Rabu 16 Jun 2021 23:53 WIB

AJI Jember Desak Usut Kasus Pemerasan oleh Wartawan Gadungan

Pihaknya juga mengajak semua pihak untuk berani bersikap tegas menolak pemerasan.

AJI Jember Desak Usut Kasus Pemerasan oleh Wartawan Gadungan. Ilustrasi Pemerasan
Foto: Foto : MgRol112
AJI Jember Desak Usut Kasus Pemerasan oleh Wartawan Gadungan. Ilustrasi Pemerasan

REPUBLIKA.CO.ID,JEMBER -- Aliansi Jurnalis Independen (AJI) Jember mendesak aparat kepolisian untuk mengusut tuntas kasus pemerasan yang dilakukan oleh dua wartawan gadungan di Kabupaten Jember, Jawa Timur.

"Kami menyikapi serius langkah polisi yang melakukan penangkapan terhadap dua orang yang diduga melakukan pemerasan dengan menggunakan kedok profesi wartawan," kata Ketua AJI Jember Ira Rachmawati saat dihubungi melalui telepon dari Jember, Rabu (16/6).

Satreskrim Kepolisian Resor Jember menangkap dua wartawan gadungan yakni MA (50) warga Kelurahan Slawu dan ME (35) warga Kelurahan Karangrejo yang melakukan pemerasan kepada warga dengan meminta imbalan sebesar Rp17 juta.

"Unsur pemerasan sangat bertolak belakang dengan kerja-kerja profesi wartawan, sehingga AJI Jember mendesak polisi untuk bisa mengusut tuntas kasus itu, termasuk kemungkinan adanya korban atau pelaku lain dengan modus yang sama," tuturnya.

Setiap jurnalis, lanjut dia, selalu terikat dengan kode etik jurnalistik (KEJ) yang cukup ketat, sehingga cara kerja jurnalis sangat jauh berbeda dengan pihak-pihak yang melakukan pemerasan dengan mengatasnamakan profesi wartawan.

"Dalam KEJPasal 1 ditegaskan bahwa wartawan tidak boleh beriktikad buruk dalam melakukan peliputan. Artinya, wartawan tidak boleh memiliki niat secara sengaja untuk menimbulkan kerugian pihak lain," katanya.
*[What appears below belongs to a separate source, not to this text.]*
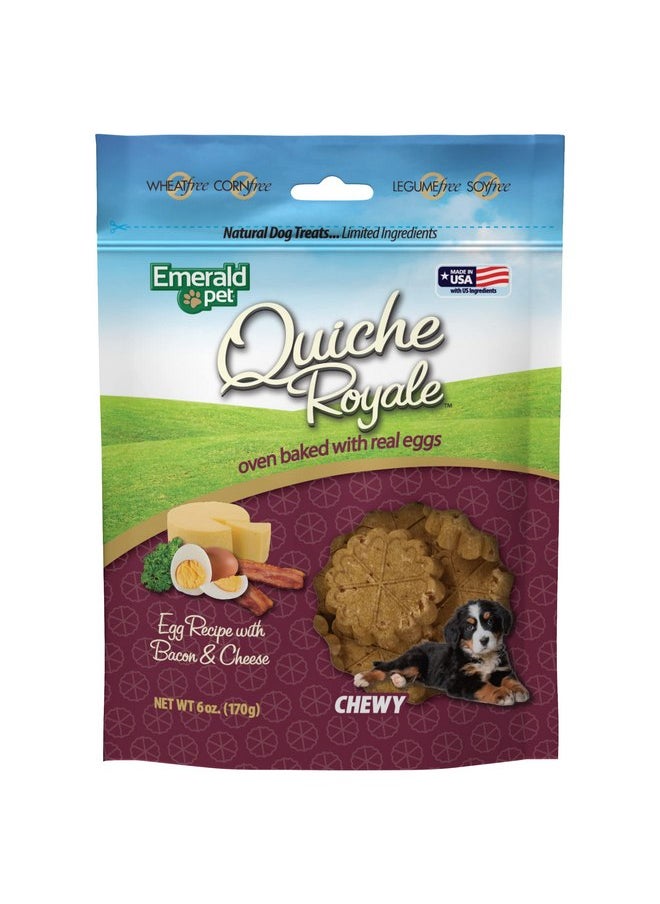 Emerald Pet - Emerald Pet Quiche Royale Premium Training Dog Treats - Healthy and Tasty Natural Dog Chews Made with Real Eggs - Limited Ingredient Dog Treats Made in The USA - Bacon & Cheese Treats, 6 oz - Image 1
Selain itu, lanjut dia, peliputan juga tidak boleh masuk pada ranah privasi seseorang, sehingga wartawan yang profesional digaji oleh medianya, bukan dengan cara meminta uang atau barang kepada narasumber. "Selain itu, dalam Pasal 2 KEJ juga ditegaskan bahwa wartawan harus menempuh cara yang profesional dalam melakukan peliputan, sehingga dalam melakukan wawancara harus secara patut dan tidak dengan mengancam," ujarnya.

Ira mengatakan wartawan tidak bisa hanya dengan berbekal kartu pers yang bisa di cetak di mana saja, kemudian merasa bisa melakukan perbuatan semena-mena seperti pengancaman.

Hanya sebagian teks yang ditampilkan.